Logistic Regression
info
In this chapter, you'll learn about:
- Binary Classification with Probabilistic Models: Modeling binary outcomes using probabilities.
- Bernoulli Distribution: Understanding the distribution for binary random variables.
- Logistic Function (Sigmoid Function): Introducing the squashing function to map linear combinations to probabilities.
- Logistic Regression Model: Formulating the logistic regression for binary classification.
- Maximum Likelihood Estimation (MLE): Deriving the loss function for logistic regression.
- Cross-Entropy Loss: Connecting the logistic regression loss to cross-entropy and KL divergence.
- Gradient Computation: Calculating gradients for optimization.
- Convexity and Optimization: Discussing the convex nature of logistic regression and optimization methods.
In previous chapters, we introduced classification problems and explored linear classifiers. We discussed the limitations of using linear regression for classification and the need for models specifically designed for categorical outcomes.

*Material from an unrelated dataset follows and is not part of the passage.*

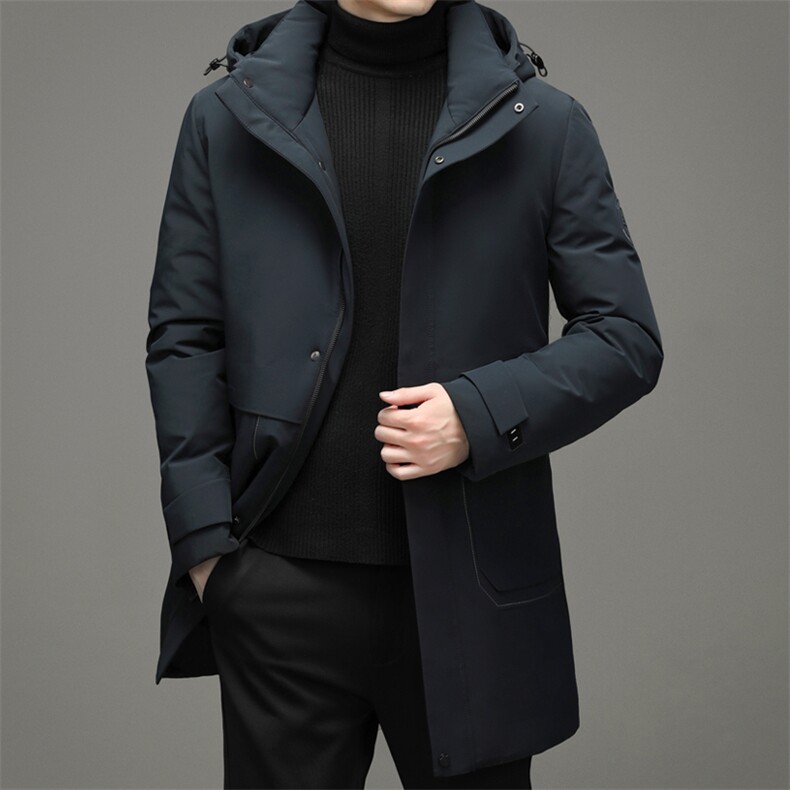 男士休闲宽松中长款冬季连帽厚款男士时尚羽绒服SNNYR869820-P330,男装羽绒服,电商B212（原钱塘6029）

In this chapter, we delve into logistic regression, a fundamental algorithm for binary classification tasks. Logistic regression models the probability that a given input belongs to a particular category, allowing for probabilistic interpretation of predictions. It is widely used due to its simplicity, interpretability, and effectiveness.
Binary Classification and the Bernoulli Distribution
Binary Classification Recap
- Objective: Assign an input to one of two classes, labeled as 0 or 1.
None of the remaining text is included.